私は話聞くのうまいねって言われることがあって、それはどっかで聞いたカウンセラー的話の聞き方(まず受け入れる、繰り返す、とか)みたいなのを頭に入れているだけであって。自分が取りたくてその反応をしているわけじゃなくて。そんなの友達関係じゃないのかもしれない。

これって、彼氏と彼女、でも同じなんじゃないか。その役を演じているだけというか。彼氏だからこう言わなきゃいけないとか、彼女だから会わなきゃいけないとか、そんなのばっかりだと本当にしたいこととかわからなくなっちゃうんだ。

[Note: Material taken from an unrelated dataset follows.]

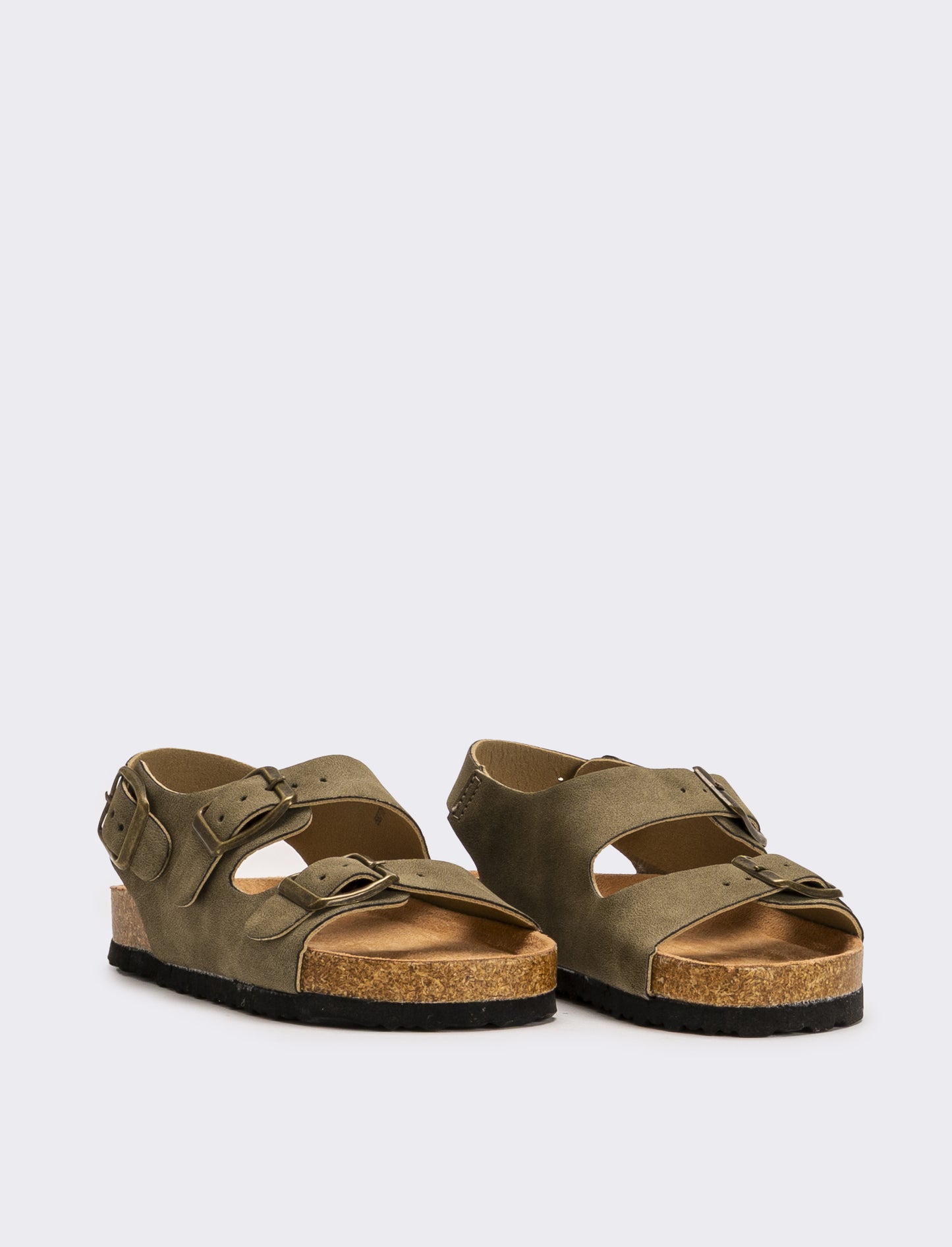 Sandalo scamosciato da bambino - Ve.milit.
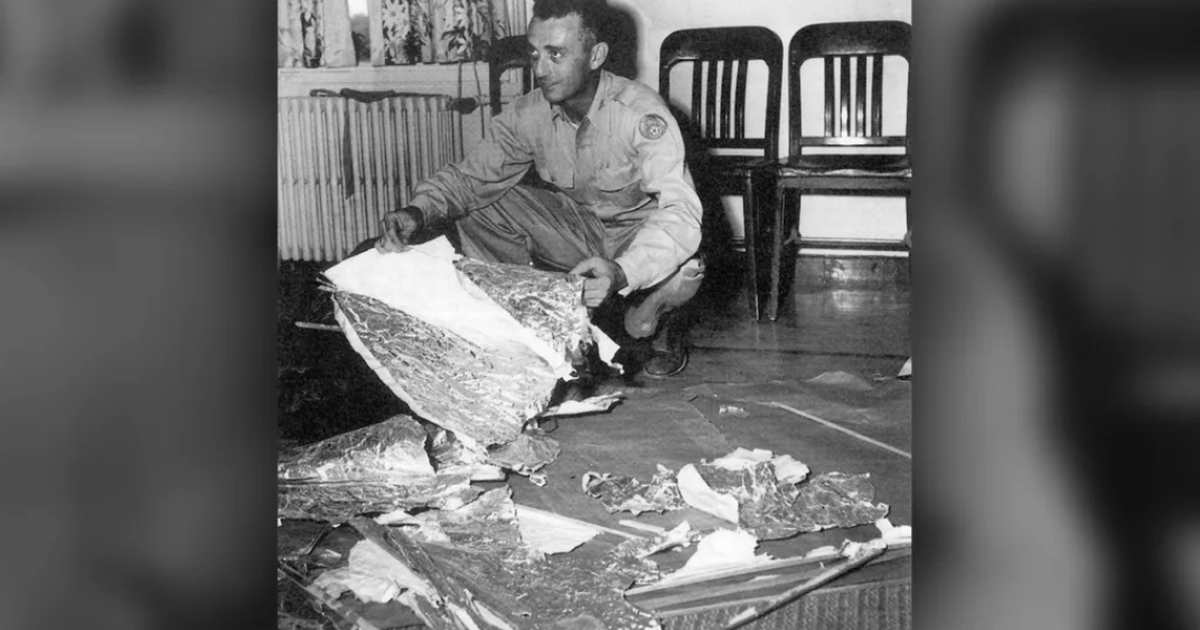 Hé lộ manh mối mới về sự cố UFO ở Roswell năm 1947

本の中身からは離れるけど、あと書きたいことが2つある。

この本を読んでいて、勉強しているからこそ楽しめる世界というのを少し感じた。

著者のふたりはどちらも哲学者と人類学者という学者同士で、言葉を武器にしているひとたちだ。1通1通、文字数よりもっと深いところに意味があるような、頭何回転もさせないとわからないような手紙たちを、ほんの1週間くらいで受け止めて返せる彼女たちの脳内すごすぎる。

それに触れてちょっとでも面白みを感じることができるかどうかは、私の考える頭があるかないかにかかっているんだなと思った。

話されている内容そのものが理解できないとき、その人の話し方の癖とか別の思考に逃げちゃうことってあるよな〜。そういうわけで、もう1つは喜びの話。

最近ステイホームの影響で本を読むことが増えた。すると、前読んだ本や主人公と、今読んでいる本がリンクするような、現実の世界と本の世界が一体になるような、そんな瞬間が来ることがある。子どものころ、もっと夢中になって本を読んでいたときも、こんな感覚があったかもしれないと、懐かしいような新しいような、嬉しくて誇らしい気分になった。

宮野真生子・磯野真穂(2019)『急に具合が悪くなる』晶文社。